Searches via ADGC default to Art Libraries Scope. WorldCat and the OCLC central article index are searched but only those bibliographic records or serial titles with holdings from Art Libraries are included in the result set. The scope can be broadened to World-Wide (all holdings) or narrowed. The current narrowing is by region but this is tailorable and other narrower scopes are possible.
This includes titles that where the metadata has been made available to OCLC for inclusion in the Central Article Index. This slide does not say that any of these subscriptions are included in the Central Article index, it just indicates the percentage of the serials within a subscription that are included.
Some subscriptions do not require authentication for access to the metadata but require OCLC to report usage. The metadata is included in the search results but access to full text may be limited by IP address range testing, for example.
A group subscription is required for some titles where the metadata is the subscription. As ADGC is a publically available resource it is a commercial challenge to negotiate a goup subscription. We are working on this with a prioritorised set of titles.
The next set of slides indicates the enhancements that will be made to the user interface. The new interface is ready for installation once configuration details such as logo are finalised.
There are several logos being evaluated, this is a prototype.
The current interface requires use of the back arrow to access the result set. With the new interface, the result set will be always available.
http://oclc.org/worldcat-discovery/features.en.html . This URL gives a summary of the interface improvements in development. We are working towards a knowledge card similar to the Google Knowledge card.
This is a screen produced for the specification of the new work level display. Existing work clusters are maintained by a common work ID within each bibliographic record. There are also sub work clusters that identify identical content (regardless of format) and identical records catalogued in different languages of cataloguing. Work level records have been generated that includes authors, titles, subjects, content and summary notes, all language tagged. An Iceland Fisherman, original in French displayed in English UI with Translations table.
We have started to examine auction catalogues. From just 2 titles (admittedly not a statistical sample) we have found each has 5 bibliographic records that failed to be identified as the same work by the work algorithms due to different cataloguing styles. The example above indicates 4 different records created by members of the ADGC and one other. The creation of name authority records for the major auction houses will help.

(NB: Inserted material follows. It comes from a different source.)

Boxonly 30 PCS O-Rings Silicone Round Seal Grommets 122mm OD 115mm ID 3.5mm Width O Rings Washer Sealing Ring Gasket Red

Scipio is an initiative of a group of art libraries (mostly North American) which cooperate to generate bibliographic records. The first line of this table is a Scipio record.
We originally thought that the main culprit of noise was from university art libraries which did not have a separate symbol from their main institutional library. However, by examining noise, it seems that serial package subscriptions are producing the most noise. We are investigating ways to relegate noise to the end of the result set – by classification or serial title, etc.
A new study released this week examines data quality in the records found in the central index and makes some recommendations for publishers and content providers.
The main recommended solutions.
Until now journal articles have always been in the too hard basket. There are two separate projects within OCLC research to cluster articles. The data provided by the content providers cannot be de-duplicated and this causes obvious noise in the result sets of searches.
The announcement this month of a new discovery API offers new possibilities, though I personally am not suggesting that we should rush into it. The new API searches the content index at the same time as WorldCat and thus it is now possible to produce a fully customised interface as opposed to a configurable / tailored interface.